TRAMA
Franky e il suo socio, due piccoli delinquenti, accettano il colpo che gli viene proposto e svaligiano una bisca clandestina. La colpa dovrebbe ricadere sul gestore, per via di un suo vecchio errore. Ma le cose si complicano. La mafia fa allora appello a Jackie Cogan, perché regoli i conti e restauri i rapporti di potere.
Dopo L'assassinio di Jesse James per mano del codardo Robert Ford, il regista neozelandese Andrew Dominik ha scoperto e divorato l'opera omnia di George V. Higgins, ex procuratore aggiunto di Boston e indubbia conoscenza letteraria di Tarantino. Quindi ha scelto di adattare "Cogan's Trade", un libro del 1974. Realisti nell'accezione della realtà quando supera la fantasia, i romanzi di Higgins sono fatti di dialoghi e il film di Dominik è abile a non perderseli, ma non aggiunge molto altro.
Alla base dell'adattamento, al di là dello spostamento in Lousiana nei giorni in cui Bush sta per lasciare il posto ad Obama, c'è un'idea di attualità: l'economia è in crisi, tutta l'economia, anche quella mafiosa. La cupola è un sistema e, esattamente come quello bancario, prevede debiti e crediti, interessi da "pagare", costi da sostenere. Assoldare un killer richiede un esborso, ma il prezzo si alza in base alle garanzie offerte dal soggetto e si abbassa quando non c'è denaro in giro, proprio come ogni altro commercio di questi tempi.
La metafora, che il regista esplica punteggiando la crime story con i discorsi politici sullo stato dell'economia americana provenienti dalle autoradio e dalle televisioni, si spinge evidentemente più in là, fino ad accusare i governanti di essere, al pari dei banchieri, dei criminali e dei truffatori, imprese private a scopo di lucro.
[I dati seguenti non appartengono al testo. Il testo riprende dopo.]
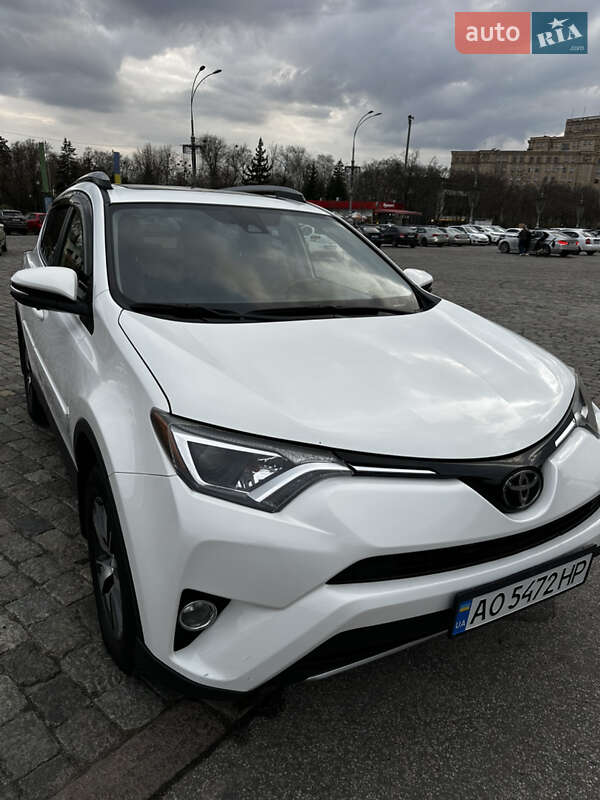 Позашляховик / Кросовер Toyota RAV4 2018 в Києві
Ma è un'idea e una soltanto e non è ripetendola ad ogni occasione che il film si riempie. Anzi. Dopo un inizio accattivante, per il tono comico-cinico dei dialoghi e le facce messe in campo, si svuota progressivamente, procedendo verso il nulla.
Nonostante gli uomini giusti al posto giusto, specie Ray Lotta e Gandolfini, ma anche Pitt e Ben Mendelsohn nei panni del più folle della brigata, Russel, Killing them softly gira su se stesso, fagocitato dalla logica del sistema chiuso che fotografa. Accade molto poco, la scrittura brillante è però afona in materia di contenuti, lo stile indebitato con modelli migliori. Così che il risultato è allo stesso tempo pretenzioso e routinario.